Hello everyone I recently joined this forum and wanted to say hello and ask a question. I've been on levothyroxine for many years, I have Hoshimoto's. My TSH levels have been too low for some time and based on this whenever my thyroxine is reduced I become very hypo and cannot manage. Some years back I saw an endocrinologist who told me to stay with the slightly higher dose and not worry too much about TSH. And I've been largely fine for many years. But a few months ago I was told I have osteoporosis in my lower back and it was suggested to me that it's because I overdose on thyroxine. I don't actually overdose I take 100 a day and twice a week 125. I went on 100 for 2 months but felt really low on energy and actually became depressed and developed all kinds of weird symptoms. Anyway I've been back to GP and back to the specialist ( a very senior thyroid person in UK) and none of them can tell me if too low TSH ( or too much T4) has caused my osteoporosis. I had various blood tests and the only other thing was a slight deficiency in vitamin D which I am supplementing now.

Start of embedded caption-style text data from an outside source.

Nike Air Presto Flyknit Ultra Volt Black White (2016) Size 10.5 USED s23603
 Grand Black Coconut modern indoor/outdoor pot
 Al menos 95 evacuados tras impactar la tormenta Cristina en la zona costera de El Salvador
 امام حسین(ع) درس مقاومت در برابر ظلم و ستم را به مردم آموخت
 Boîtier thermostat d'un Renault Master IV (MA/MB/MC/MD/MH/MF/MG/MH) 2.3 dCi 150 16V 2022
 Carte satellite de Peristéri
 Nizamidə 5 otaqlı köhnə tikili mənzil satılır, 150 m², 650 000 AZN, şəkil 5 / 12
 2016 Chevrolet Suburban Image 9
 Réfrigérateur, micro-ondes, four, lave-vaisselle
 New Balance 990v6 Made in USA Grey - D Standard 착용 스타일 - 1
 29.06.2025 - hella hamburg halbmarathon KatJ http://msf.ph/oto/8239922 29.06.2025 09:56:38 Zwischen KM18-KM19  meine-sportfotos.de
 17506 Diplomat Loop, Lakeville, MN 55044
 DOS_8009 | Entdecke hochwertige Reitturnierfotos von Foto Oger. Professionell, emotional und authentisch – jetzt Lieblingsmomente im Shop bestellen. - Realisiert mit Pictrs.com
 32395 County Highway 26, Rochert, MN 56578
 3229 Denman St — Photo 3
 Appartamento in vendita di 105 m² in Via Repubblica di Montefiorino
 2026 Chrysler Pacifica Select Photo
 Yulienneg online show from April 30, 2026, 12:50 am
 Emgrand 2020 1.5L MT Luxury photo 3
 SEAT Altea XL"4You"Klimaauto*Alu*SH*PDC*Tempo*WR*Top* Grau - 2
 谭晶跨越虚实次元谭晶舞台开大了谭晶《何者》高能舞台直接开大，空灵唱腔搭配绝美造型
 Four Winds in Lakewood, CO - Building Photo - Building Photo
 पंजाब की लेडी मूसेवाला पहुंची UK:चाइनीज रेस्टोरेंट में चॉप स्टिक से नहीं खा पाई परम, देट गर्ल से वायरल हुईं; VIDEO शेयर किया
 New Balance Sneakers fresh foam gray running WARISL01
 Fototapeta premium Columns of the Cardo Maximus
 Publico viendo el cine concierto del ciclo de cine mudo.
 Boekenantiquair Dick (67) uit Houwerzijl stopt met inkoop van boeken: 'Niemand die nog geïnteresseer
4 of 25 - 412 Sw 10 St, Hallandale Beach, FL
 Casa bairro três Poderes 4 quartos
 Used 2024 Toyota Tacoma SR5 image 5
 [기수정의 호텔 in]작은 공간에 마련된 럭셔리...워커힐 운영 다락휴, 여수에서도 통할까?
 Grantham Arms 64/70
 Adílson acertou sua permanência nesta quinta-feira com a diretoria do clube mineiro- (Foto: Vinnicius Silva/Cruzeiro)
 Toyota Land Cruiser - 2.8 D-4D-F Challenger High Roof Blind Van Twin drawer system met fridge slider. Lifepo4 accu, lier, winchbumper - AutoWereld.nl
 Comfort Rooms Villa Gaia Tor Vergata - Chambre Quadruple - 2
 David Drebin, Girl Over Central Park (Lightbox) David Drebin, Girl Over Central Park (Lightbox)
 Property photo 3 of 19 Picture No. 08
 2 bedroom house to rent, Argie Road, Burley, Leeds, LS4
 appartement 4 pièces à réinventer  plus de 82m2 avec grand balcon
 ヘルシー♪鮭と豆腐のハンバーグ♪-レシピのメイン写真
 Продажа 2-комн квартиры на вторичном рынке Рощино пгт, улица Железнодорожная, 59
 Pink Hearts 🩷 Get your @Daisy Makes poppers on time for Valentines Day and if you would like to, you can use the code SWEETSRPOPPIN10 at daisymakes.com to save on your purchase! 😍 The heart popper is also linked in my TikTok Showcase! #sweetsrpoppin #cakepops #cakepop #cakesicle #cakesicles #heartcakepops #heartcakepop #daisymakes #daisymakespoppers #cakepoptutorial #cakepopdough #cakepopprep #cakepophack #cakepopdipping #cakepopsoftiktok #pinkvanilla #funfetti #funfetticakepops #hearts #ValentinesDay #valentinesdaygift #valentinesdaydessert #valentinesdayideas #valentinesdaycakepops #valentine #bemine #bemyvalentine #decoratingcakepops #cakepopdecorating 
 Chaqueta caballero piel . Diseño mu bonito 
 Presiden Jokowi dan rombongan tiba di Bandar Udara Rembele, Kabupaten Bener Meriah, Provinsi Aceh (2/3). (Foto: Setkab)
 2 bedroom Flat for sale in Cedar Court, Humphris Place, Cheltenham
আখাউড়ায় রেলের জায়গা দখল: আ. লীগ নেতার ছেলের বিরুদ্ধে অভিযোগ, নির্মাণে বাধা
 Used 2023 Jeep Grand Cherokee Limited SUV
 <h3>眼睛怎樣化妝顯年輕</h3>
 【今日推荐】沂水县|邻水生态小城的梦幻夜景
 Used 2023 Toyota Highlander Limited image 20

So my question is, can taking a little too much thyroxine on which I feel fine but which lowers my TSH too much cause osteoporosis. Would welcome some views. By the way have read posts on this forum and it's so great! Wish I'd found it years ago.

10 Replies

  • If you have too low a TSH it can lead to osteoporosis, specifically if the TSH is suppressed. It depends upon your age and other factors like vit D and menopause. This information is based on population surveys which look at TSH in the general population and compare osteoporosis rates.

    It gets much more complex. For example, patients with thyroid cancer often require TSH suppressive doses of levothyroxine and do have osteoporosis higher osteoporosis rates. However, these patients often have disruption to the parathyroid glands also (so named because they are located next to the thyroid). The parathyroids are resonsible for bone metabolism, so it is hardly surprising if there is osteoporosis.

    Another issue is that looking at TSH in the general population is not the same as in a specific patient. If that patient requires a lower TSH to be clinically euthyroid it is not the same as reducing another person's TSH to the same level.

    Also, although these is evidence that a suppressed TSH reduces bone density there is no increase in fracture rates. A patient restored to normal health is able to exercise and build up bone strength.

    Your doctors can't tell you if your low TSH has caused your osteoporosis, nobody can. My judgement, as a patient, is that if you reduced your medication and your TSH rose it might reduce the chances of further osteoporosis but the loss of exercise capability would be just as bad. If it were me I'd take the minimum dose that resolves my symptoms and look at ways I can mitigate any osteoporosis, such as vit D and weight bearing exercise, maybe days out in the sunshine! Other factors are likely to have a greater bearing on osteoporosis.

    If I remember correctly it is suppressed (almost undetectable) TSH that is associated with osteoporosis and not just a low TSH, not just below the lower limit of the reference interval.

  • Thanks jimh111. My problem is that when i reduce my thyroxine i just cannot function. I am going to try and make sure my vitamin D levels stay optimal from now on. Re weight bearing I used to run and amsl swam and did weights in the gym regularly for years....but had so many problems with backache and knee ache and general aches and pains. I persisted despite all that but but then in january when i had reduced my thyroxine because of fears re osteoprosis, I developed knee pain so severe that it put me in crutches (for no clear reason, although there was an old knee injury many years ago). So only just managing to walk properly now. I am having physio and on his advice i've just bought an exercise bike and am starting on that with a daily program. and will slowly incorporate weight training. just need to decide on how to cope with low thyroxine or risk of further osteoprosis. I am 56 years old and the osteoprosis in my back is apparently something i could expect 20 years from now in "normal" circumstances.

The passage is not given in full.